_TASK REQUIREMENTS_
Restate, exactly as written, the entries below from the line that holds "3770 Shearwater Drive, Jupiter, FL 33477" through the line that holds "74, Red Burn Wynd, Helensburgh G84 7EH". Pictures are not part of the copy.

::: INFORMATION SHOWN

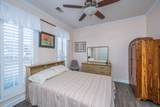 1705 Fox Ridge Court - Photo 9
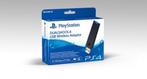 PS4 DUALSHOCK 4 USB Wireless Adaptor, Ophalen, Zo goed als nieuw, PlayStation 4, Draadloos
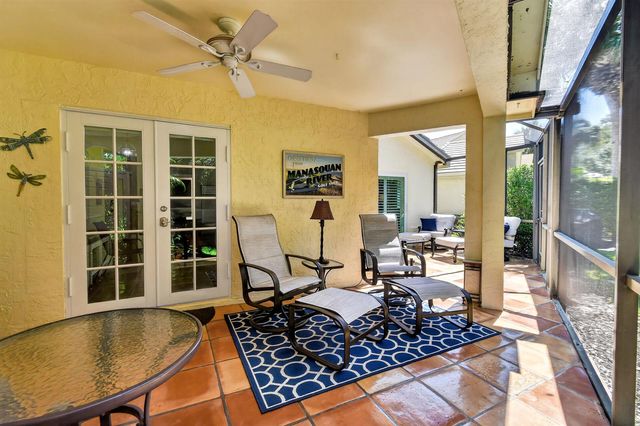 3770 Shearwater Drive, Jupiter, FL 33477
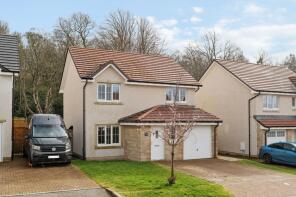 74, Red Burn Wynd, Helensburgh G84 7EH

::::::
::: INFORMATION SHOWN

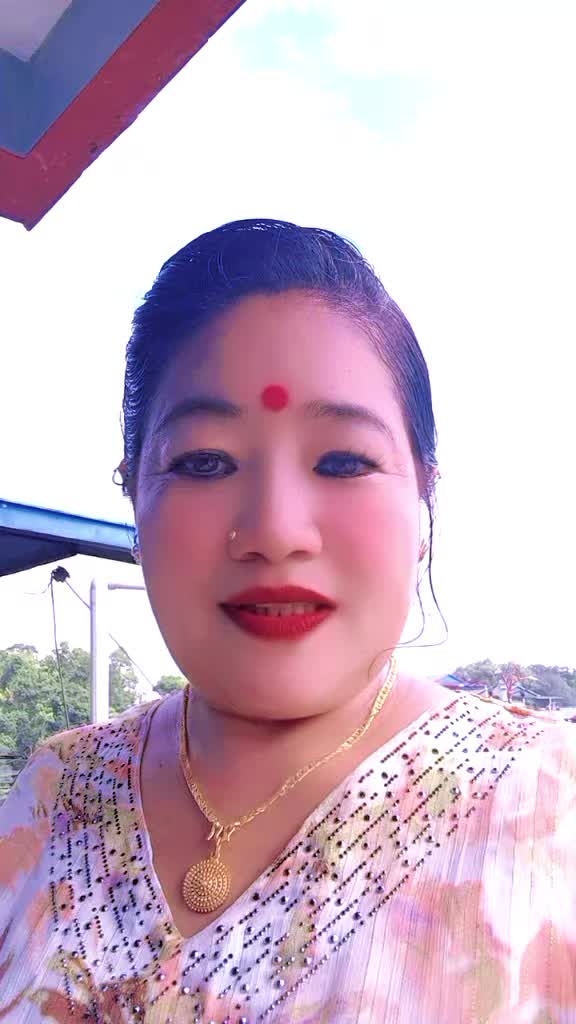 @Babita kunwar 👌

::::::

_RESULT OF THE EXERCISE_
 3770 Shearwater Drive, Jupiter, FL 33477
 74, Red Burn Wynd, Helensburgh G84 7EH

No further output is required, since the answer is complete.